Paper Reviewed
McMahon, S.J., Parsons, D.M., Donelson, J.M., Pether, S.M.J. and Munday, P.L. 2020. Elevated temperature and CO2 have positive effects on the growth and survival of larval Australasian snapper. Marine Environmental Research 161: 105054, doi.org/10.1016/j.marenvres.2020.105054.

In a recent study conducted at the National Institute of Water and Atmospheric Research Northland Marine Research Center in Ruakaka, New Zealand, McMahon et al. (2020) investigated the combined effects of ocean acidification and warming on eggs and larvae of the Australasian snapper (Chrysophorys auratus). Adults were captured in the wild from adjacent Bream Bay and kept in a laboratory setting.
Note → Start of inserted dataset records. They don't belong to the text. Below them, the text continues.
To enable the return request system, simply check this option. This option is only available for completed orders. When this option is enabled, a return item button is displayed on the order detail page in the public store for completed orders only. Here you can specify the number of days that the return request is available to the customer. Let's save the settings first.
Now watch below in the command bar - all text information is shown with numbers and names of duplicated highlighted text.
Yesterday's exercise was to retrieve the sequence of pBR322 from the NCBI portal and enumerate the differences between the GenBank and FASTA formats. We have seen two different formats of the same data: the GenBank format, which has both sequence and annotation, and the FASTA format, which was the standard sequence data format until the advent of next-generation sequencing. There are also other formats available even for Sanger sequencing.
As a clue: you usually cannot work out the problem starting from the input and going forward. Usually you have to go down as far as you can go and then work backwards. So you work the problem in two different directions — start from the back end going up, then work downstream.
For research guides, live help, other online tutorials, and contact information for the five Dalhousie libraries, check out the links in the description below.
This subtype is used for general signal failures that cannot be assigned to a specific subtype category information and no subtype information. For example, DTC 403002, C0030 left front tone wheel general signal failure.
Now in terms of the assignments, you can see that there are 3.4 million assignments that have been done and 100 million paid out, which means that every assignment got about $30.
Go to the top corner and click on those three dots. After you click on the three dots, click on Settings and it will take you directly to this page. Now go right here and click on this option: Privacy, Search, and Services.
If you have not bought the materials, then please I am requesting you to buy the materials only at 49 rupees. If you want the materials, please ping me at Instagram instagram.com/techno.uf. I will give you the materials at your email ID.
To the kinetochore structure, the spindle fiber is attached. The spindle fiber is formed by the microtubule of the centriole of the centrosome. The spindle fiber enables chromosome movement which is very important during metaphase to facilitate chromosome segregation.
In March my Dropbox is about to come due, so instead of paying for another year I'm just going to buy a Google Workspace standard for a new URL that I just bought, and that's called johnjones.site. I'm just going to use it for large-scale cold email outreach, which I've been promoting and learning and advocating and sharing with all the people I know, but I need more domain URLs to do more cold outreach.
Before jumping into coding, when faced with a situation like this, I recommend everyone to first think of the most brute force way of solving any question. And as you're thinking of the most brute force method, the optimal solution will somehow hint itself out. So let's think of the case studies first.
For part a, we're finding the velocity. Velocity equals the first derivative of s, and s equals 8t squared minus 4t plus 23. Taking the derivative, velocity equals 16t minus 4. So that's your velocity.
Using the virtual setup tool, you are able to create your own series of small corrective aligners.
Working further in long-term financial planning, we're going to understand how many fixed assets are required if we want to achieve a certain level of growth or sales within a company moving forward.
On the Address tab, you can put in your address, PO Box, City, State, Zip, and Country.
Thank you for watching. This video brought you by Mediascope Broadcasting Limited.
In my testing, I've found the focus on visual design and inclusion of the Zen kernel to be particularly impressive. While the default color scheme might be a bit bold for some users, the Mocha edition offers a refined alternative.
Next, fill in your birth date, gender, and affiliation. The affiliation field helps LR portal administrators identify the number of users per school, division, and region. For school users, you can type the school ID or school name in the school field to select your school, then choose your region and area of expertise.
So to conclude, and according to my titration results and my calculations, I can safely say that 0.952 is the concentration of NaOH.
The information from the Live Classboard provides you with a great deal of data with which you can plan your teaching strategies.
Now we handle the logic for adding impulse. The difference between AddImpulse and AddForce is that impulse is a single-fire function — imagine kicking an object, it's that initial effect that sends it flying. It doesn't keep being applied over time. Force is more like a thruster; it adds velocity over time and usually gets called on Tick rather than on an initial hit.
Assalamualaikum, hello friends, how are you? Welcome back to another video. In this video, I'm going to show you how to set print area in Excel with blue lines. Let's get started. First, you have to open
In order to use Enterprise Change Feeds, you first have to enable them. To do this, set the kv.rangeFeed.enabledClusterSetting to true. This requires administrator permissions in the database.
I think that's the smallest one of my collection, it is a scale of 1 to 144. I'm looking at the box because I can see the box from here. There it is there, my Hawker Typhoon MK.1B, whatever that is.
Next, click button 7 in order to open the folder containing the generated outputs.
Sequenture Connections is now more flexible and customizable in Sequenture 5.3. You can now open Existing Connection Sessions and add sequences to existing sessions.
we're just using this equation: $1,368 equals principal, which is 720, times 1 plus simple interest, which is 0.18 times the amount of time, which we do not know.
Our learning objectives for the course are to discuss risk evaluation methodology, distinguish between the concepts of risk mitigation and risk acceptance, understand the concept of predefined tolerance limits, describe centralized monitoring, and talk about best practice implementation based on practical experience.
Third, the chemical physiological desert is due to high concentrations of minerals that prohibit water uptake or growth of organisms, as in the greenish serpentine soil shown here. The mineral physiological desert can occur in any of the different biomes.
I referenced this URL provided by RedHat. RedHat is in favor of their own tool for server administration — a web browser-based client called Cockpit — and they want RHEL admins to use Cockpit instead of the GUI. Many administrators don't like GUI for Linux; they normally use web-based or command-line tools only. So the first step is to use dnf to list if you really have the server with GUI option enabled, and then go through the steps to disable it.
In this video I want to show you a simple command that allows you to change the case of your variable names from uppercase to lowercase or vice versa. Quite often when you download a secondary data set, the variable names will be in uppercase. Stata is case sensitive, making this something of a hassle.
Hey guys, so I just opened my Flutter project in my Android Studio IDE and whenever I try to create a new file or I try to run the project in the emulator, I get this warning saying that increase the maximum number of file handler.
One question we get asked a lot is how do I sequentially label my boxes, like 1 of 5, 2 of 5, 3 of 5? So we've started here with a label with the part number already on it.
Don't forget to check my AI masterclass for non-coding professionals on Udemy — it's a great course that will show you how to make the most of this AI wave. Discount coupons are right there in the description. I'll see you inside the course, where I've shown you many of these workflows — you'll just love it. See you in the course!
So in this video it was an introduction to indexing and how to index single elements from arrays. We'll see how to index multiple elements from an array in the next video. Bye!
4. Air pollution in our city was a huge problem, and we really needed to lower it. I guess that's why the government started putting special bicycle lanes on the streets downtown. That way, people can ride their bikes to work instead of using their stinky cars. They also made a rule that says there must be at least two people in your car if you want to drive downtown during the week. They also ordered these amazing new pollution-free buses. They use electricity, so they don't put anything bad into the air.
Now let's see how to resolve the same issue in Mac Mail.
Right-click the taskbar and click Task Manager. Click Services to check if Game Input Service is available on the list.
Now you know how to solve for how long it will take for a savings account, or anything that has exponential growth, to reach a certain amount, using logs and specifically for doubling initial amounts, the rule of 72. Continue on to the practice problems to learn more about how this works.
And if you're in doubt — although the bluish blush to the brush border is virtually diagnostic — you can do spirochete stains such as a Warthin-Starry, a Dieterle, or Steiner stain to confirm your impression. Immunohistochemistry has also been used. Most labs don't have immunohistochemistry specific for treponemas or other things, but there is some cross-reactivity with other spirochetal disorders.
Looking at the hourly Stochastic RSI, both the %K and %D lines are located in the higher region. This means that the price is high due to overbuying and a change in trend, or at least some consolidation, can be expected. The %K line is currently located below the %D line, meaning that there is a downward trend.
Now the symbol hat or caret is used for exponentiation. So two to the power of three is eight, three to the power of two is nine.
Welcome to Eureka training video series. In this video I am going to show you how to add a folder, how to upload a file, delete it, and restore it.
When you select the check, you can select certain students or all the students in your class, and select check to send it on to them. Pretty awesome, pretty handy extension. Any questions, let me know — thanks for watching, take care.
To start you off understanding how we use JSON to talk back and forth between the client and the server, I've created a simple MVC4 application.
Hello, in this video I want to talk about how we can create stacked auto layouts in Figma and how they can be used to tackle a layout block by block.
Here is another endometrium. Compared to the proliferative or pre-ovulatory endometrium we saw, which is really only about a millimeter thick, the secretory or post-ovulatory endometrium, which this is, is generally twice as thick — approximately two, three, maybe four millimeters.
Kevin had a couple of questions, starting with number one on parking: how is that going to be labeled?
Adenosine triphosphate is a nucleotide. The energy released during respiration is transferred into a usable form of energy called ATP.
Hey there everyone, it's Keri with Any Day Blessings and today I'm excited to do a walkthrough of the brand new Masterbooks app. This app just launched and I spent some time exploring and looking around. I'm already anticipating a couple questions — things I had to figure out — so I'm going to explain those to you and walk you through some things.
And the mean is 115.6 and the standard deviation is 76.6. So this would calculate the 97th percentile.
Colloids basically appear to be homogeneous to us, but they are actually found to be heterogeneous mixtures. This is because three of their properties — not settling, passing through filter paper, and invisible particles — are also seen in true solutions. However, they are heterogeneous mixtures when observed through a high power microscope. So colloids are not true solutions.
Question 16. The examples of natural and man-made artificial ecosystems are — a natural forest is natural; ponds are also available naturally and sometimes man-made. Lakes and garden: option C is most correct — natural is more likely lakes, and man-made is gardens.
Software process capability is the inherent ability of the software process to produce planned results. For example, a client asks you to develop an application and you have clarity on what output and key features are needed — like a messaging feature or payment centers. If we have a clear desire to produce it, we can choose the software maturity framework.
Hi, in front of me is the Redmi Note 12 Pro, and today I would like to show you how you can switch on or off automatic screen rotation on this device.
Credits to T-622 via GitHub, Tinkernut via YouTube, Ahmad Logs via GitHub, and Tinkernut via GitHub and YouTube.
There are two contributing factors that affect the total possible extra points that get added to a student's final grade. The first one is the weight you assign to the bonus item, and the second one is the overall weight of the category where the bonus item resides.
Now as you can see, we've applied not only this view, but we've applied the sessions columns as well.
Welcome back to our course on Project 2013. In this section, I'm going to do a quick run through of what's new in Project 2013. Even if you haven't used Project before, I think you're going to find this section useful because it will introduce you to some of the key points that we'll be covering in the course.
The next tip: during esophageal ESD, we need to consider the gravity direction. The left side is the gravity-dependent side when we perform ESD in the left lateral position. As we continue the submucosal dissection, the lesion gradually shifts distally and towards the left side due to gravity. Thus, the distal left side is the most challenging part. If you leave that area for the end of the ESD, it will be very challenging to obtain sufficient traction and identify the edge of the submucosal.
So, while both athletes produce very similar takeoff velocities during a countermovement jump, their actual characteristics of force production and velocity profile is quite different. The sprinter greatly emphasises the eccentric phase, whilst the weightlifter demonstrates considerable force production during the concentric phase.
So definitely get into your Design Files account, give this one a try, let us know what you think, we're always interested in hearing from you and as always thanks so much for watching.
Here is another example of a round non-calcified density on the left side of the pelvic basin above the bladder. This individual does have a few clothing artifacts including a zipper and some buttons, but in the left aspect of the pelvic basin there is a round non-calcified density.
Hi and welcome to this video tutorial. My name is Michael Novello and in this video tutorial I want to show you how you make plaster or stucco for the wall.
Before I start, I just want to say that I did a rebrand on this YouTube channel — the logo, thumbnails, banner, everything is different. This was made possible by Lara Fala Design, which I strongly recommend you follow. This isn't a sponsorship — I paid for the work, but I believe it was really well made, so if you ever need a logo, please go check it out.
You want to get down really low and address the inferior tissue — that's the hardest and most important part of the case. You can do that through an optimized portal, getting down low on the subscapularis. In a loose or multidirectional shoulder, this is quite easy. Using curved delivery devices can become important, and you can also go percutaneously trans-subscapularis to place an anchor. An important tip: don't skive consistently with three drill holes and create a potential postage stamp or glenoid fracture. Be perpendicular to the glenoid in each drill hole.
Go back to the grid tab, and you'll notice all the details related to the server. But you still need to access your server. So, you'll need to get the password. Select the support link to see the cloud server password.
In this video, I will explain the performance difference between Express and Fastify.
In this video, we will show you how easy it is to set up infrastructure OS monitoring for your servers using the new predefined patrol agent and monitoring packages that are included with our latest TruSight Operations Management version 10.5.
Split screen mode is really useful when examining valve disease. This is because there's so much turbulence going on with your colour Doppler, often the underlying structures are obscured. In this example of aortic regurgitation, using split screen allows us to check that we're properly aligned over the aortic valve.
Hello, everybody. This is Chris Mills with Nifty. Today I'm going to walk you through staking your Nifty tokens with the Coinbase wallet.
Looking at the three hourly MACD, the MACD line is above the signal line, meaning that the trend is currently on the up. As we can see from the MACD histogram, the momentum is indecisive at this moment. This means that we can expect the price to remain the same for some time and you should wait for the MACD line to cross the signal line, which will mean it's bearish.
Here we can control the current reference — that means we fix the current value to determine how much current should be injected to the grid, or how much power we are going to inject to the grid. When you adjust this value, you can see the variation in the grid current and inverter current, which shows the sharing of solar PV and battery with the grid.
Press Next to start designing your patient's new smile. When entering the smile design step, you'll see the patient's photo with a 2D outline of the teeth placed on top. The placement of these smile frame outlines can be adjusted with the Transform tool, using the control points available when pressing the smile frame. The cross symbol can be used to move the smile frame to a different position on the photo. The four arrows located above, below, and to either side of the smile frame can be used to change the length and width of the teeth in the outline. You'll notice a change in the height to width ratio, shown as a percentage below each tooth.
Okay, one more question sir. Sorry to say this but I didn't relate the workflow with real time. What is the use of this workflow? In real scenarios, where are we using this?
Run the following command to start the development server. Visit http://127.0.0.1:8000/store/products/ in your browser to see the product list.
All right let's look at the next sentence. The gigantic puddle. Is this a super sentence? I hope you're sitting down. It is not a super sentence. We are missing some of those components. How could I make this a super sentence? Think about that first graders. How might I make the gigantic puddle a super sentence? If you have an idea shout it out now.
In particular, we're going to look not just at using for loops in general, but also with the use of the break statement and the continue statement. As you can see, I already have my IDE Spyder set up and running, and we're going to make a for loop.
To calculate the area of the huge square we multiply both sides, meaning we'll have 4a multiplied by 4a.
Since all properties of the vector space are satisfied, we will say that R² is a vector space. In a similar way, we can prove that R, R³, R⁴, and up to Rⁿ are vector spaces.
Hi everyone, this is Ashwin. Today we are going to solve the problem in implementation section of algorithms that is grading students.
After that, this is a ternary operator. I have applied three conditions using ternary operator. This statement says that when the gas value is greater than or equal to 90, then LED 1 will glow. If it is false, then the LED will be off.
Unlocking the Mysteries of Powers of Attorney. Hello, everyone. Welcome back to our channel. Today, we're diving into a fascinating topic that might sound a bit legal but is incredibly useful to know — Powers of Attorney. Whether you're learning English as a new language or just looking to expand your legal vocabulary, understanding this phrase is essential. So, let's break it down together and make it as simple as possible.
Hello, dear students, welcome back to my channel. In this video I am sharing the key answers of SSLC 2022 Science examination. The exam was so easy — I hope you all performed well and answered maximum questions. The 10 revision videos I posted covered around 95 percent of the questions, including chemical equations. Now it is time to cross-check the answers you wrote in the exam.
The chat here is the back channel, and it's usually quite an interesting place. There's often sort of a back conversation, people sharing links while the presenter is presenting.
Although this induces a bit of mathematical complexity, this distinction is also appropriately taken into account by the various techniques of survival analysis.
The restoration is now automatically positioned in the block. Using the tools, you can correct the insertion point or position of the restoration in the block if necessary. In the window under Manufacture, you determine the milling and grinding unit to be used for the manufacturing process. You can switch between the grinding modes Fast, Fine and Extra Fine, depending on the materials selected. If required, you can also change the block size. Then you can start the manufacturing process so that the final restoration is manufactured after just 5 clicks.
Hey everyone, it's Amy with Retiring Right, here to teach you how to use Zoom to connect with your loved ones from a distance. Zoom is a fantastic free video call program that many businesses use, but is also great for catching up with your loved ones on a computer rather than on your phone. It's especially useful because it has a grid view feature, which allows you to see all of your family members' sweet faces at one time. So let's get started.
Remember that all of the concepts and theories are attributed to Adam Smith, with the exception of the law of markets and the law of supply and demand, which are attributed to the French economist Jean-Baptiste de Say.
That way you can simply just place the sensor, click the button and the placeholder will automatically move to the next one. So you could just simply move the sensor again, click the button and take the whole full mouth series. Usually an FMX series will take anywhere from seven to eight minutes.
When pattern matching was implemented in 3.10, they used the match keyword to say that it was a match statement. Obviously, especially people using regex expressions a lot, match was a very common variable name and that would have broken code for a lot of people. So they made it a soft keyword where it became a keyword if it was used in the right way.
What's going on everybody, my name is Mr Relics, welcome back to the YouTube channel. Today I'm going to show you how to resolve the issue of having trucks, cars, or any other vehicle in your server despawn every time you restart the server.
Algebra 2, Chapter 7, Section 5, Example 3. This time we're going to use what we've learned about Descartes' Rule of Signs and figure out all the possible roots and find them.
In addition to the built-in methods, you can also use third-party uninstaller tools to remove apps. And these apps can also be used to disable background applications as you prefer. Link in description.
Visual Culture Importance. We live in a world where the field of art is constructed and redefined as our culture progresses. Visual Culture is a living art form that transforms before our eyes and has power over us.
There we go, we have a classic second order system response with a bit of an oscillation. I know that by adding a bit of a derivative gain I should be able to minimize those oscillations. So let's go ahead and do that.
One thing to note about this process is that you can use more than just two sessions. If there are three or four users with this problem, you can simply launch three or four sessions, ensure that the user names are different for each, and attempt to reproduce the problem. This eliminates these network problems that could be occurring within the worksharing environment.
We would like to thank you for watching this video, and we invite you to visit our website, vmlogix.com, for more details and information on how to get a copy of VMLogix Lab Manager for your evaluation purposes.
Following acclimation, spawning was initiated and eggs were cleaned and divided into a full-factorial treatment of two temperatures (18 or 22 °C) and two pCO2 (approximately 400 or 1000 µatm) conditions up to 16 days post-hatching (dph). At 1 dph and 16 dph, the scientists conducted a series of measurements in order to evaluate the single and combined impacts of the two parameters (temperature and pCO2) on C. auratus growth and survival.

And what did their measurements reveal?

In the words of the authors, "both drivers produced positive effects, but on different traits." With respect to growth, at 1 dph fish reared at 22 °C had greater total length, standard length, head length, muscle depth at vent and fin depth at vent than fish reared at 18 °C. By16 dph, such enhanced growth was even more noticeable; standard length and total length were 12% longer, muscle depth at vent was a whopping 63% greater and head depth was 35% bigger. What is more, compared to larvae reared in ambient water (18 °C), elevated temperature stimulated other morphological traits by 21-24%, including eye diameter, mandible length, fin depth at vent, body length and head length. Elevated CO2, on the other hand, had "no significant effects on morphological traits and there were no significant interactions between CO2 and temperature."

With respect to larval survival, elevated CO2 increased survivorship by 27% and 56% at 1 dph and 16 dph, respectively (see Figure 1). Elevated temperature, in contrast, had no impact on this parameter, nor was there any significant interactions between temperature and CO2 on larval survival.

Commenting on their work, McMahon et al. write their results "highlight how these two environmental drivers can affect different fitness-associated traits during early life, and that the effects of higher temperature and elevated CO2 need not be detrimental," adding "for this population of C. auratus, it seems that exposure to predicted future temperatures and CO2 levels could have positive effects on individual fitness." Consequently, the team of researchers conclude (1) the increased growth associated with elevated temperatures "would likely translate to increased survival in the wild as [larvae] would pass through the most vulnerable life stages faster and (2) the enhanced survival associated with elevated pCO2 "would have a positive effect on recruitment to the adult population." Both prospective outcomes should therefore be celebrated for the benefits they will provide to this important commercial and recreational fish species.

Figure 1. Survival of a New Zealand population of the Australasian snapper (Chrysophyrs auratus) under two temperature and two pCO2 conditions at 1 day post-hatch (left panel) and 16 days post-hatch (right panel). Adapted from McMahon et al. (2020).